While it is not yet known what will be included in the statement, the 48-year-old is thought to be privy to Diana's views on the royal family and the inside story over her collapsed marriage to Prince Charles.
He first spoke about their relationship during Lord Steven's inquiry into Diana and Dodi's tragic deaths. He revealed she had considered moving to Pakistan with him after he told her it was the "only way he could see them having any sort of a normal life together". The Princess apparently considered the option for a while.
He also said that at the end of 1996 or beginning of 1997 Diana asked her butler Paul Burrell to talk to a priest about them marrying in secret.
The news that Mr Khan is to testify came as a luxury car dealer Rodney Turner, who supplied the Princess' BMWs, told the inquest her relationship with Dodi was over two weeks before the fatal Paris car crash. She reportedly told Mr Turner she was having a "fun summer" after returning from a holiday with Dodi in the South of France in August 1997, but said: "It's all over now (with Dodi)". He admitted to being surprised by her comments, as she was preparing to go on another Mediterranean cruise with him the following week.
Perhaps the most sensational recent development in the inquest, however, is the revelation that Diana's bedroom was possibly being bugged, two years after her split from the Prince of Wales. Grahame Harding, a former soldier and electronic surveillance expert who had been asked by Diana to check her Kensington Palace apartment for listening devices, found a suspected bug behind a wall in her bedroom.
Mr Harding was introduced to Diana by the Duchess of York in 1993. A year later she asked him to sweep her apartment for bugs four times over four months in 1994. "My equipment detected an electronic signal which indicated that a possible bugging device may have been present behind a wall in her bedroom," he told the jury. "Princess Diana was present when I found this signal."
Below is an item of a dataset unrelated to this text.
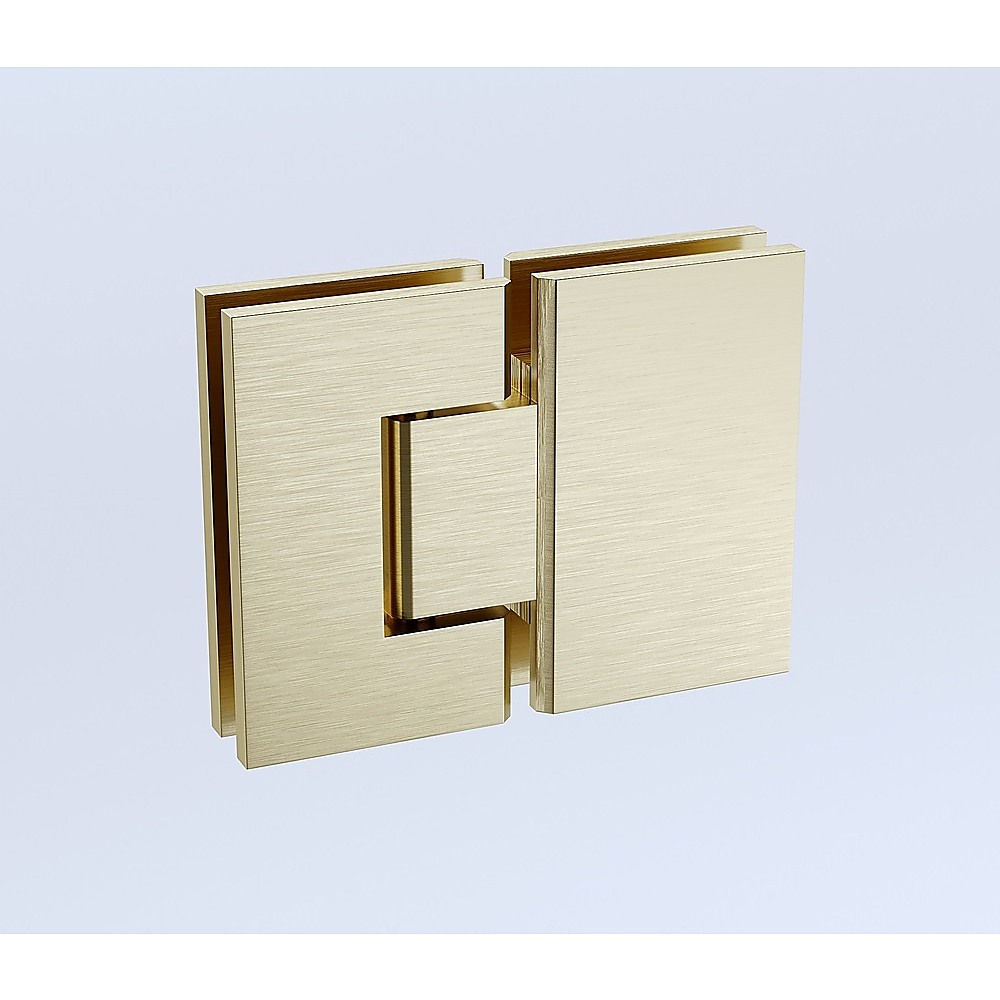 90cm Wall to Wall Frameless Shower Screen – Gold Wall F-Brackets with SS Hinges & Square Knob Handle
He explained he was unable to get behind the wall to examine the device, saying that when he swept the room later that day the signal had gone. "It could have been innocent electronic equipment in another room," he said. "But the noise behind the wall was very similar to a transmitter device." He also provided the Princess with 'clean' new mobile phones, because she feared hers were being bugged. Diana never told Mr harding whom she suspected was spying on her, referring only to "dark forces" at work.